Ideologies of Empire in the Modern World

Organisatoren
Moritz von Brescius / Florian Wagner / Alexandra Pfeiff, European University Institute (EUI), Florenz
Ort
Florenz
Land
Italy
Vom - Bis
08.01.2014 - 10.01.2014
Url der Konferenzwebsite
Von
Jonas Brendebach, European University Institute, Florenz

Two of the reviewers of Jane Burbank and Frederick Cooper’s 2010 synthesis “Empires in World History” have noted that empire “is everywhere” and that “empires are ‘on’”.1 Such remarks do not refer so much to an inflationary use of the concept of empire that would blur its sharpness and analytic value. Rather, they point to a recent surge in an empire literature that employs transnational and global history approaches and is informed by area and post-colonial studies that have broadened the perspective on empires.

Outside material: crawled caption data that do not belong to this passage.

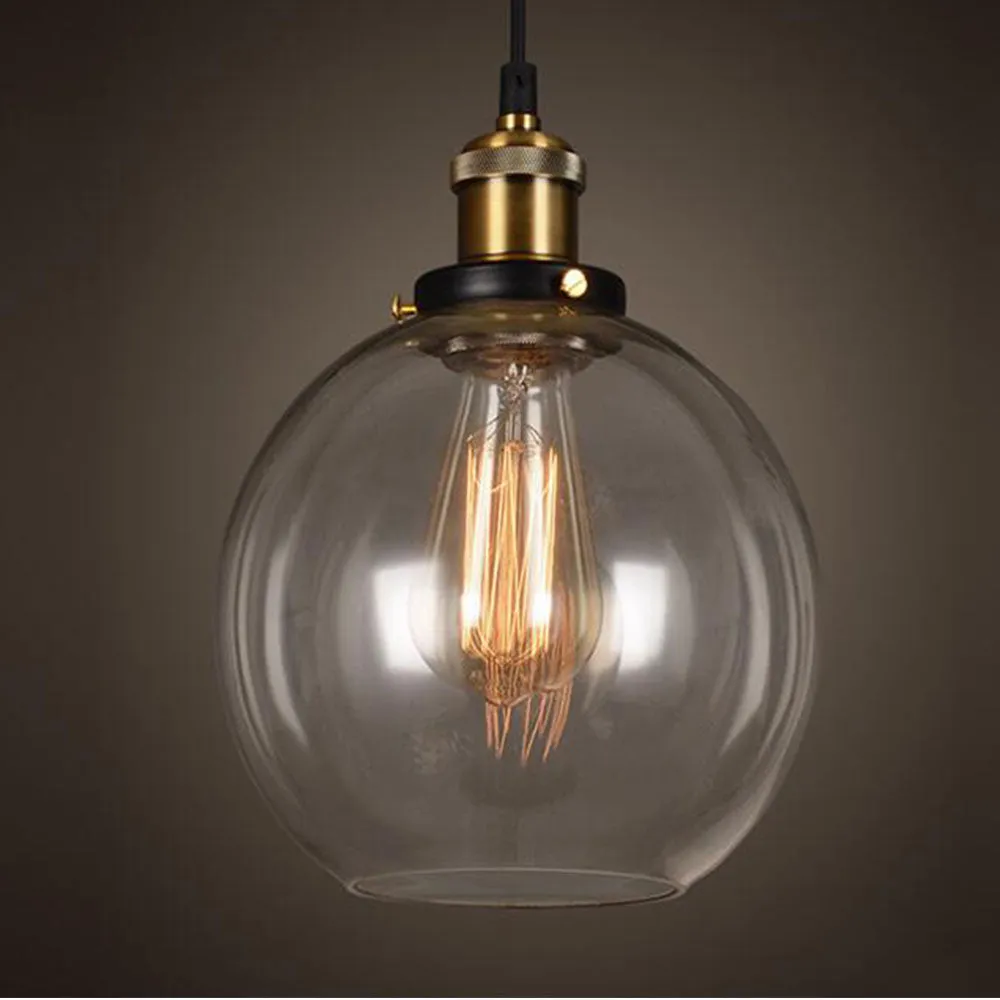 Vintage Amber Dome Pendant Light
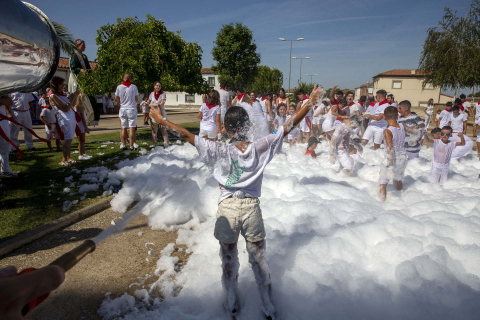 Fotos del cohete de fiestas de Rada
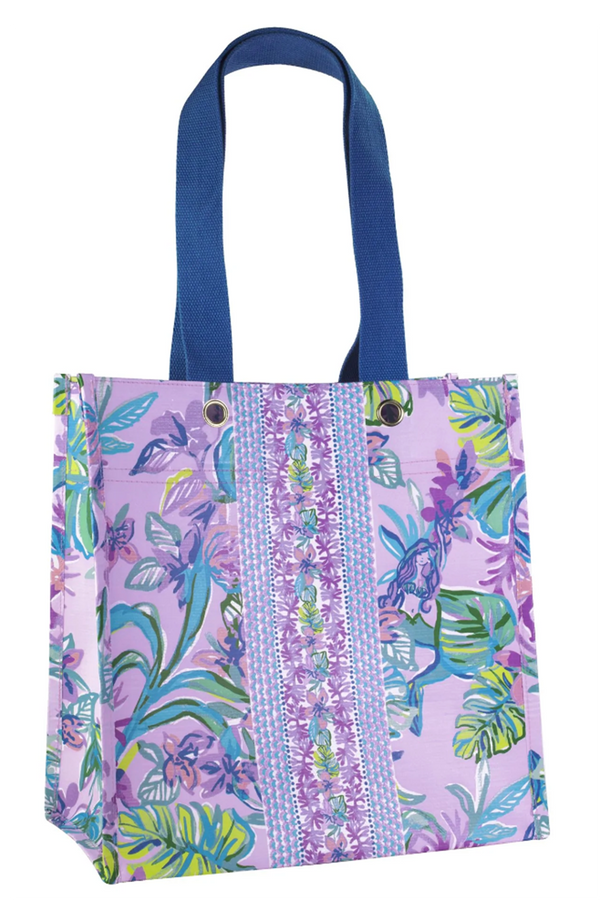 Lilly Pulitzer Market Shopper Tote - Mermaid in the Shade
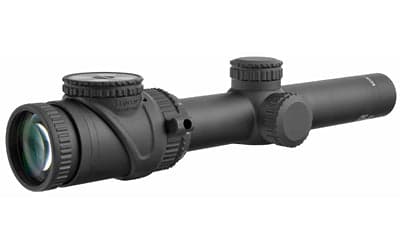 Trijicon AccuPoint 1-6x24mm Riflescope Standard Duplex Crosshair with Green Dot -  30mm Tube -  Matte Black -  Capped Adjusters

The aim of the conference “Ideologies of Empire in the Modern World”, organized by the “Imperial History Working Group” at the European University Institute (EUI) in Florence, was to capture the richness of such research. Early career researchers, mostly from the Department of History and Civilization at the EUI, presented their ongoing studies, Professors Jane Burbank and Frederick Cooper (both at New York University) were invited to discuss these works and themselves contributed a combined lecture entitled “Eurafrica and Eurasia: Perspectives on Europe and Beyond” at the opening, and two keynote lectures during the course of the conference.

The first panel focused on transnational networks and the role of expertise. MORITZ VON BRESCIUS (Florence) shed light on the German explorers Hermann, Adolph and Robert Schlagintweit, all of whom travelled and surveyed parts of India and Central Asia in the mid-nineteenth century. Popularizing knowledge about these regions among German audiences and fashioning themselves as “masters” of exotic, dangerous lands they acted as “mediators” between colonial spaces and a metropole that did not yet possess a colonial project of its own. Even though their travels were largely funded by the British Empire, it was especially among Germans, as Brescius argued, that they created a sense of colonial entitlement.

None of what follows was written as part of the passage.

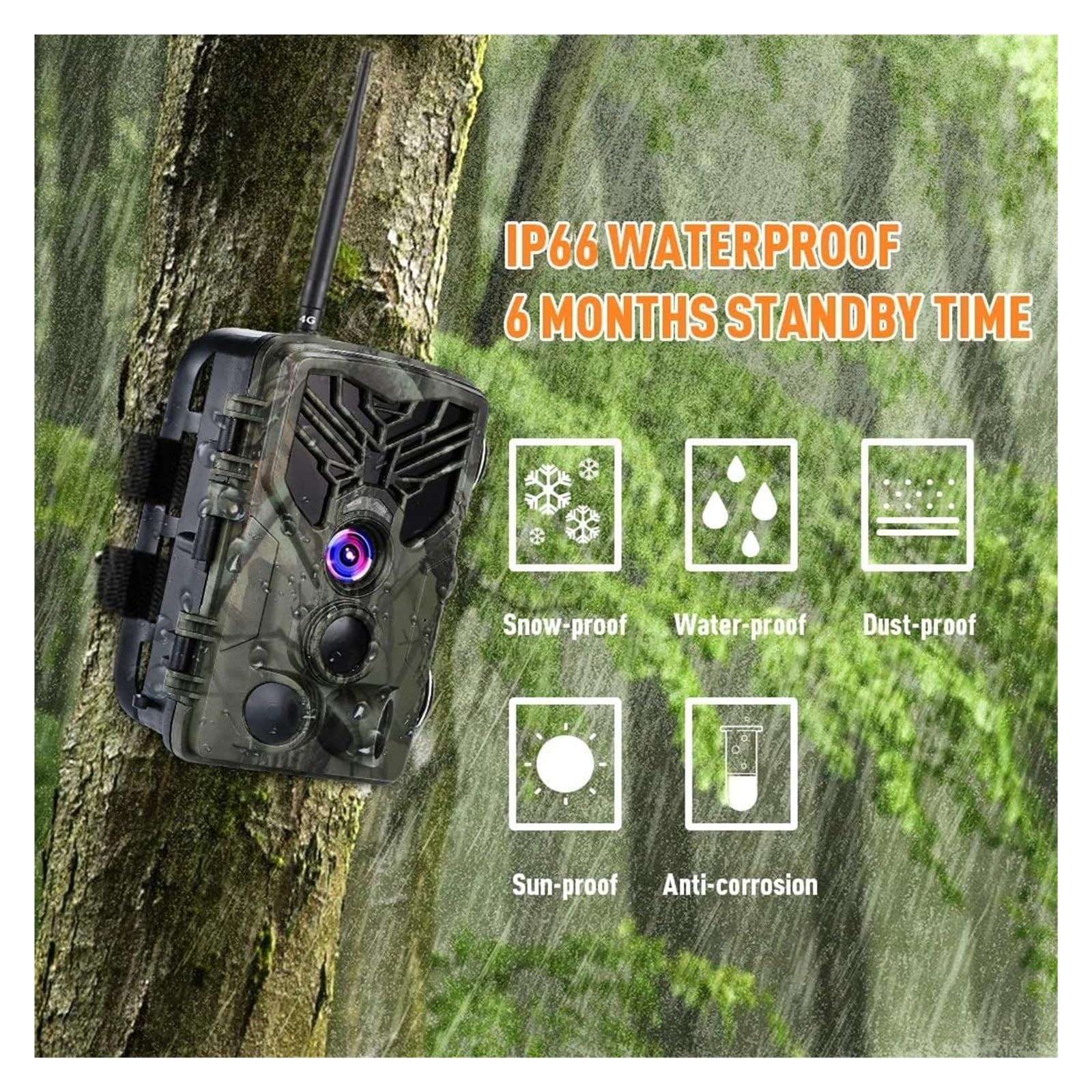 Kamery Obserwacyjne 2G SMS MMS SMTP 20MP 1080P Bezprzewodowa Kamera Myśliwska Do Dzikiej Przyrody 120 Zakres Wykrywania Ruch Night Vision Wodoodporny WyraźNe Nagranie Wideo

Taking up the thread of cooperation across empires, FLORIAN WAGNER (Florence) discussed the Brussels Geographic Conference of 1876 and the “Institute Colonial International” that was founded in Brussels 1894. He interpreted such conferences, as well as the learned societies and geographical associations as expression of an “internationalist colonialism” traceable from the early nineteenth century through to the First World War. Some colonial ideas, he was able to show, even had roots in the internal colonial projects of South American countries. Private initiatives and institutions such as the Brussels institute allowed different colonial concepts to be negotiated at an international level, at the same time as promoting distinct national colonial projects.

The panel was completed by ALEXANDRA PFEIFF (Florence), who works on two Chinese relief societies in the early twentieth century. She approached the networks of empires and experts from their colonial side and showed how both societies tried to develop a distinct Chinese humanitarianism. In order to do this, these societies faced the challenge of navigating between regional traditions, a reliance on Western technology and knowledge, and the ambition to found a modern Chinese nation that could be independent from Western modernity. Pfeiff read their efforts as a “reinterpretation of Western humanitarianism”, but acknowledged that they remained heavily affected by the colonial politics.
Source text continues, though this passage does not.